Margouleff used to tell everybody that I was his houseboy, which I thought was very insulting. I fixed the apartment up; I decorated it; I ran it. It was in the East Village, a fabulous ramshackle six-room railroad flat, and one day I walked in and looked down to the end where sitting at the harpsichord was this breathtaking blonde that I could see from six rooms away. . .frosted blonde. I walked over. She stood and asked, “Who are you?” I said, “I’m Bobby. I live here. Who are you?” She said, “I’m Edie Sedgwick. Are you my nurse?”

She had these two people with her, one a boy named Anthony Ampule and a friend of his named Donald, who was a professor. On the harpsichord they had this big pile of methedrine, which they were scooping up and mixing into water. Anthony Ampule was called that because he was able to get vials of liquid amphetamine from his doctor. I don’t know what his real name is; even today he’s called Anthony Ampule. They were standing there at the harpsichord measuring out their methedrine. I looked at Edie and I said to myself, “Well how fabulous! This fabulous creature!” She was so electric.. .just wonderful! I decided about four minutes after I knew her that she was not an Edie, she was an Edith.

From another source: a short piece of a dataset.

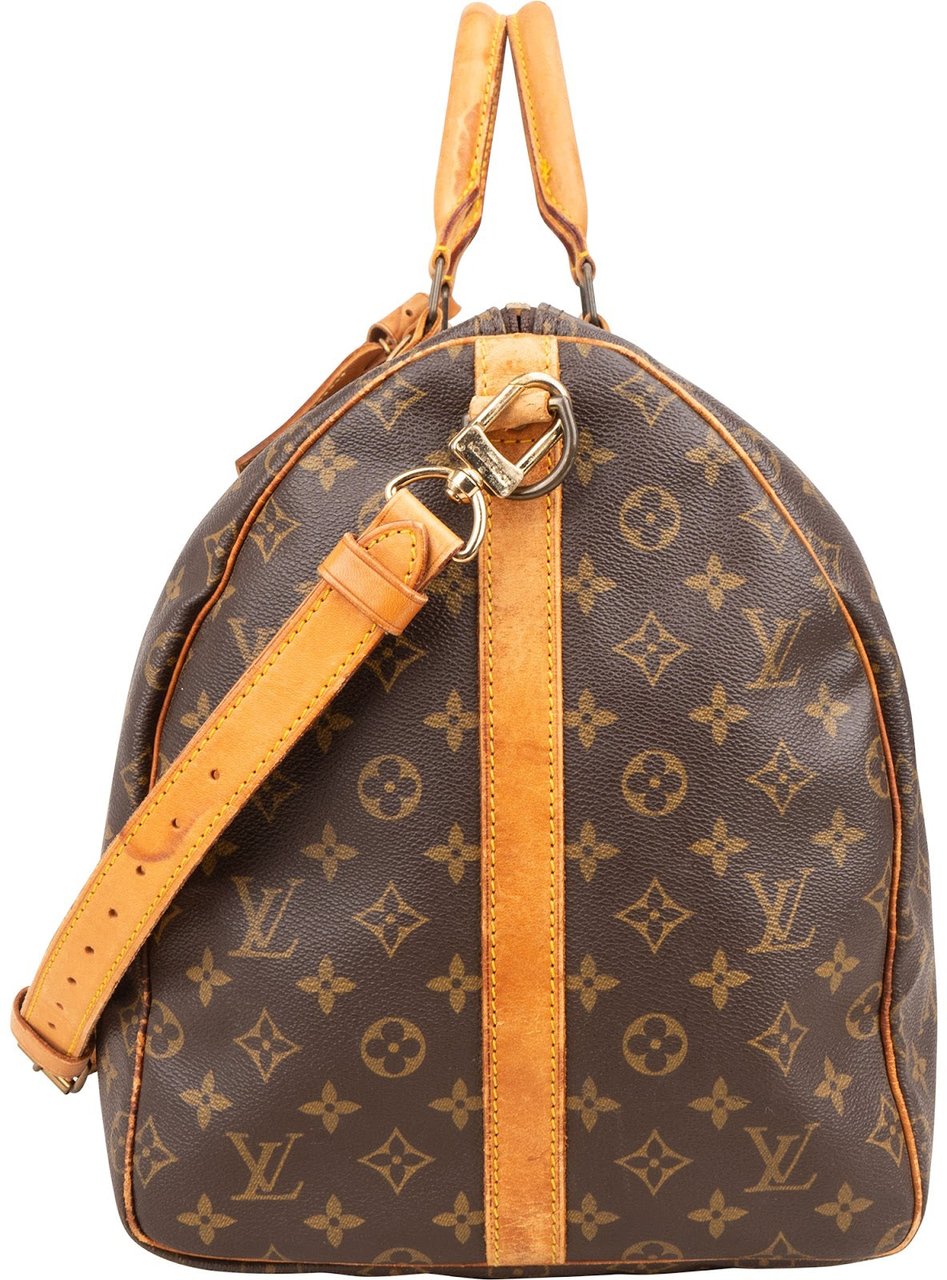 Louis Vuitton Louis Vuitton Monogram Canvas Keepall 55 Bandoulière Travel Bag Bruin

 She didn’t go out that night. She hadn’t brought much of anything with her. She had these great big baseball mitts for hands because of the Chelsea fire, all covered with gauze and bandages. I went out to Max’s Kansas City and brought back some food for her. Double shrimp cocktail. A chocolate malted, which they made only for her there. Mickey Ruskin, the owner, would go in the back and melt the ice cream and beat it and make her a chocolate milk shake.

 That was how I met her. I was so pleased. I just thought she was wondrous instantly. So I wasn’t a hideous male nurse at all. We caught on like wildfire and we got along so well it was wonderful. At Max’s they used to call me “Edie’s nurse,” but I didn’t mind. We’d have drinks there and put it on Margouleff’s account! Terrible! Those were the days of signing for everything on anybody’s name. Everybody was very rude about it.

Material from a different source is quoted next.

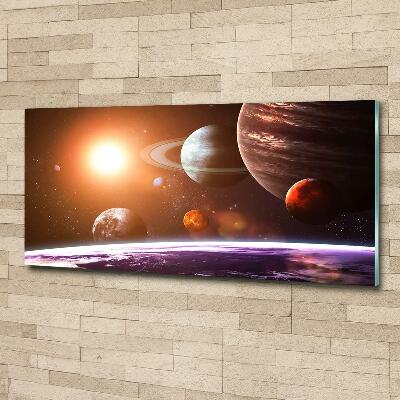Glasbild Sonnensystem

   I used to have the greatest fun out of making Edith get all dressed up. At Max’s it was as if Queen Elizabeth had arrived. Edith had the most wondrous wardrobe, even after the Chelsea fire. What she lost in the fire, I think were furs and jewelry. She kept telling me that her hands were hideously burned, that she expected, when the mitts came off, that she would have grotesque, deformed, webbed hands. When Dr. Roberts finally took the mitts off she was excited and very surprised. Her hands were in perfect shape.

 She looked fabulous in everything! I remember going out with her in the afternoon when she had on what she called her “mini” evening gown. She’d seen a full-length velvet gown in the window at Bergdorf’s trimmed in egret feathers. She went in and bought it and because the mini skirt was in such vogue then she had the evening dress cut to mini size and had the feathers put back on. That was her “mini” evening gown. Over that she wore a black ostrich-plume coat, peacock feather earrings, and black satin gloves up to here with ostrich plume bows on the top, in broad daylight in the East Village. She was incredible! With a huge black straw hat over it.

 We went to Coney Island like that. She took her first and only subway ride in New York. The people on the train just loved her. She never sat down the whole way out; the train was so crowded we stood all the way from the East Village to Coney Island. She was in all that mad regalia with a bathing suit underneath so we could go swimming. The people loved her. She was talking to everyone and getting along. We rode in the first car so she could look out of the window in the front. She was fascinated by the tunnels and the weaving of the train and the clacking. Just fabulous. She’d never experienced anything like it.